Cáceres, a Lenca woman, learned from a young age the value of social activism, living up to the example her mother set as she took in refugees from El Salvador during the 1980s. In 1993, she cofounded the National Council of Popular and Indigenous Organizations of Honduras (COPINH), which advocated for the rights of indigenous people and pushed back against threats to their livelihood. So in 2013 when a new dam project called Agua Zarca was pushed through the approval process without consulting indigenous groups, a violation of international treaties, she was well-prepared to act.
The dam would have cut off water, food and medicinal supplies for hundreds of Lenca people. In response, Cáceres created a campaign against the Agua Zarca Dam project, protesting both locally and internationally. The opposition was fierce, with national and local government officials doctoring documents and paying off local people to create the appearance of support for the project. Cáceres organized a peaceful road blockade that lasted more than a year, enduring violent attacks. Eventually, the protests won out, with contractors and funders backing out of the project after seeing the resistance by local people.

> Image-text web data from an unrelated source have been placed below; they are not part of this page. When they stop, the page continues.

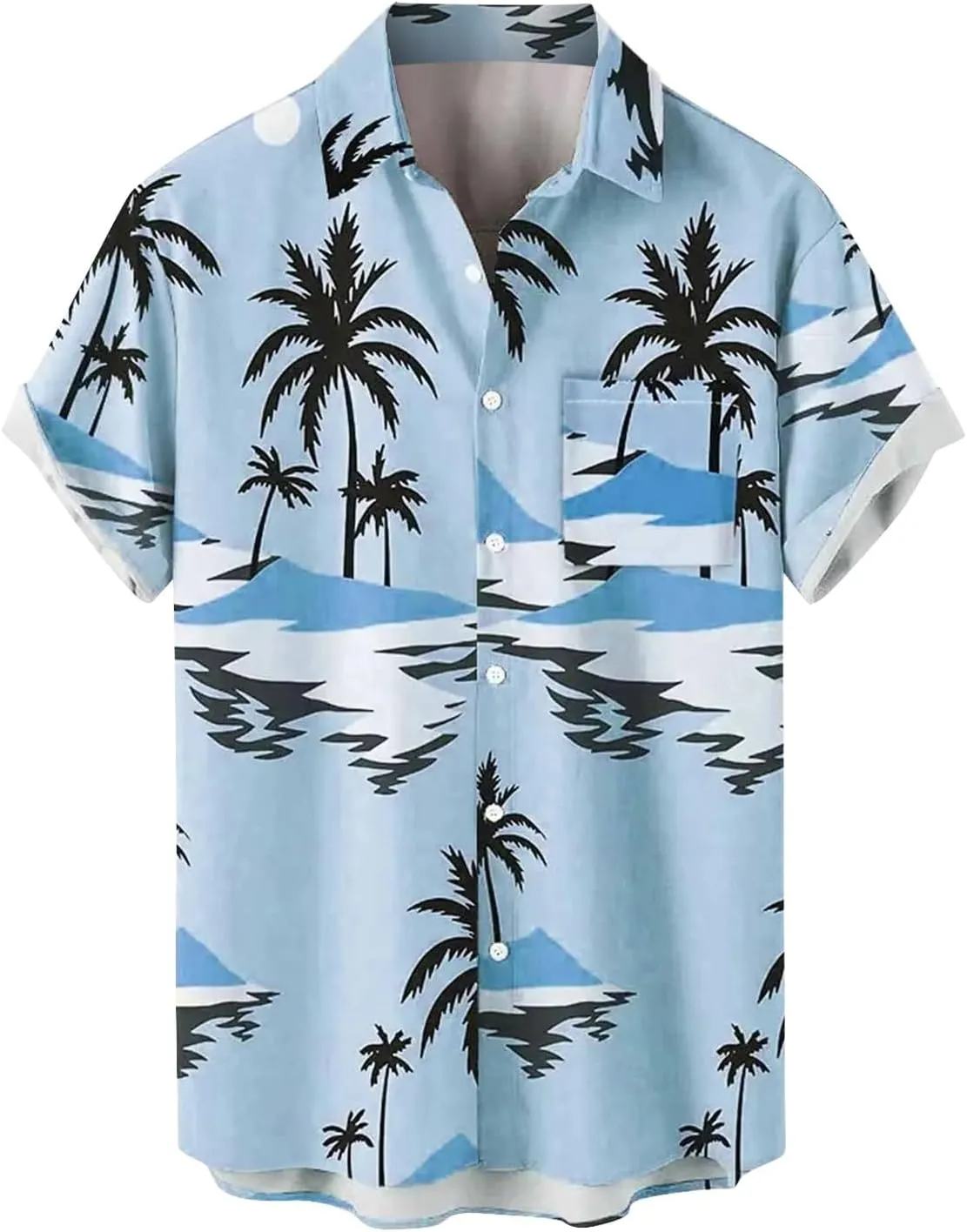 LCMTWX T Shirts for Man Long Sleeve Casual Button Down Beach Flower Shirt and Long Suits Mens Trunks Beach Button Down Mens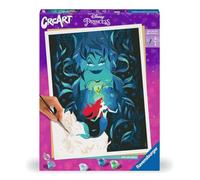 Ravensburger CreArt Disney Princesses Ariel & Ursula Painting by Numbers | DIY Painting Set with Brush and Acrylic Paints 30 x 40 cm Gift for Men and Women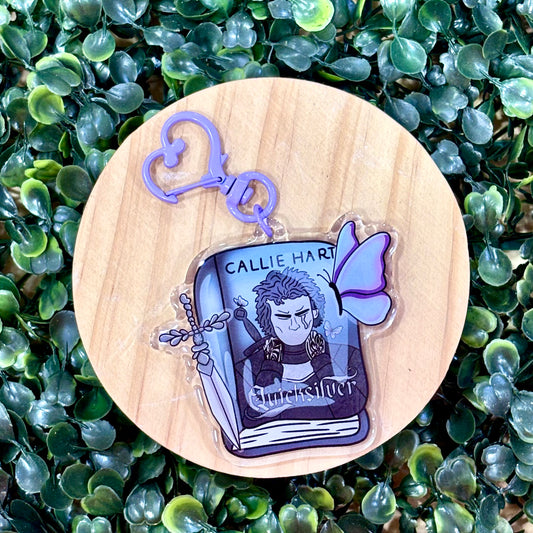 Quicksilver Acrylic Keychain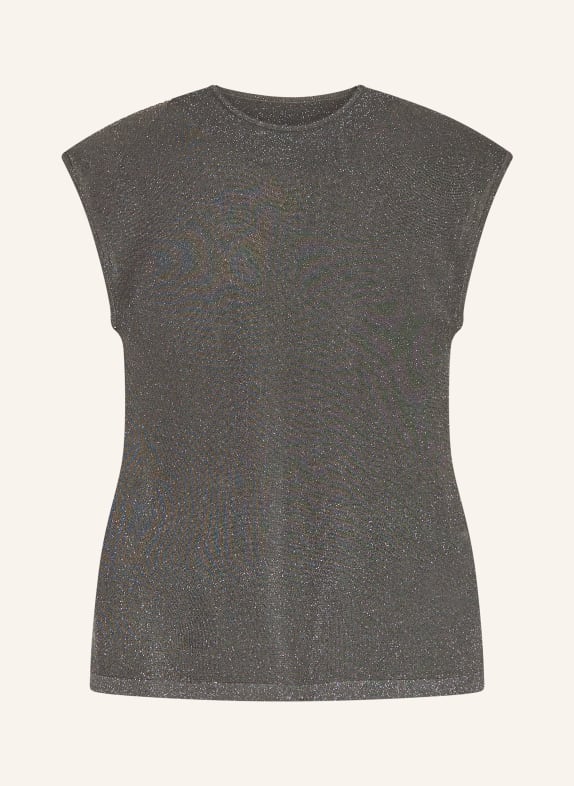 TIGER OF SWEDEN Top CELA z błyszczącą przędzą PETROL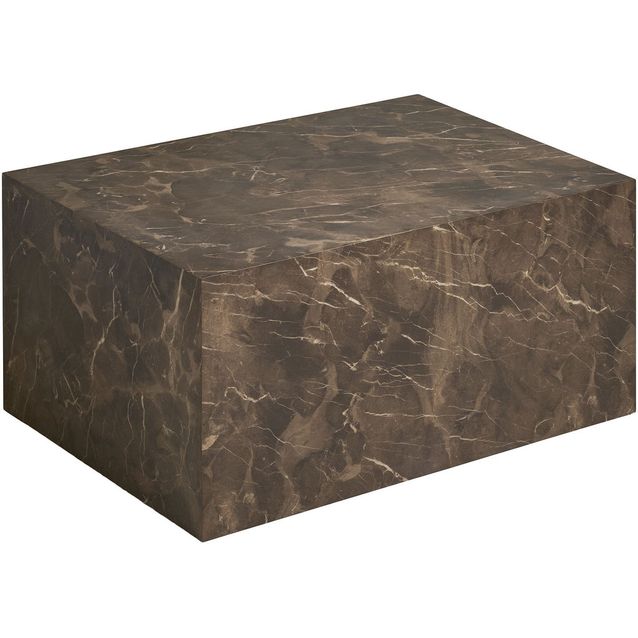 Sohvapöytä House Nordic Prague, 60x80x40cm, ruskea marmorikuosi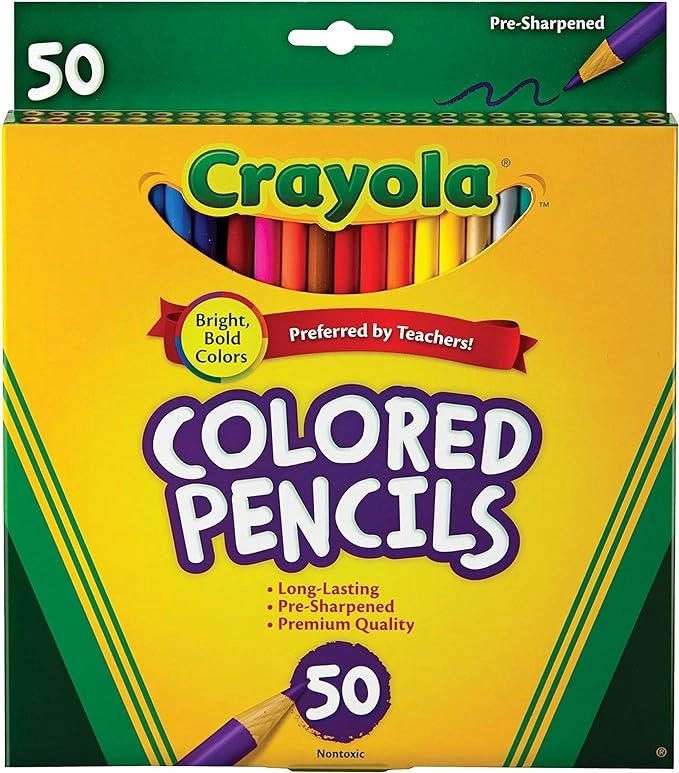 Crayola Colored Pencils - 50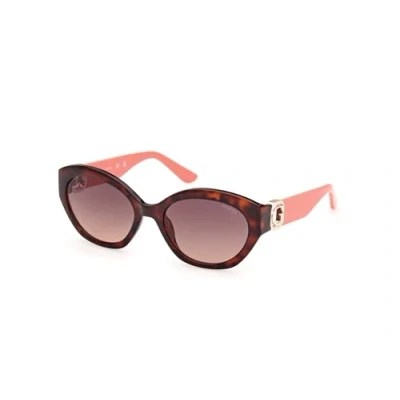 Abbildung von Guess Damen GU00104 52F Gläser SONNENBRILLEN Injiziert Havanna Braun Rund Normal Schattiert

Sadly, Cáceres endured continued death threats. Indeed, when she accepted the Goldman Award in 2015, her profile read, “Her murder would not surprise her colleagues, who keep a eulogy—but hope to never have to use it. Despite these risks, she maintains a public presence in order to continue her work. In a country with some of the highest murder rates in the world, Cáceres hopes the victory in Agua Zarca will bring hope to activists fighting irresponsible development in Honduras and throughout Latin America.”
The worst fears of Cáceres’s supporters played out. News broke on March 3 that Cáceres had been killed in her home by a group of gunmen. From the New York Times:
Since a 2009 coup in Honduras, journalists, judges, labor leaders, human rights defenders and environmental activists have been assassinated in targeted killings, with their murders often going unsolved. Twelve environmental defenders were killed in Honduras in 2014, according to research by Global Witness, which makes it the most dangerous country in the world, relative to its size, for activists protecting forests and rivers.
Cáceres gave her life in support of our planet and the rights of indigenous people. With Cáceres’s story we are reminded that we must not only protect the environment, but also the environmental activists who dedicate their lives to protecting our planet, who inspire us all to do more, to do better, and to do right.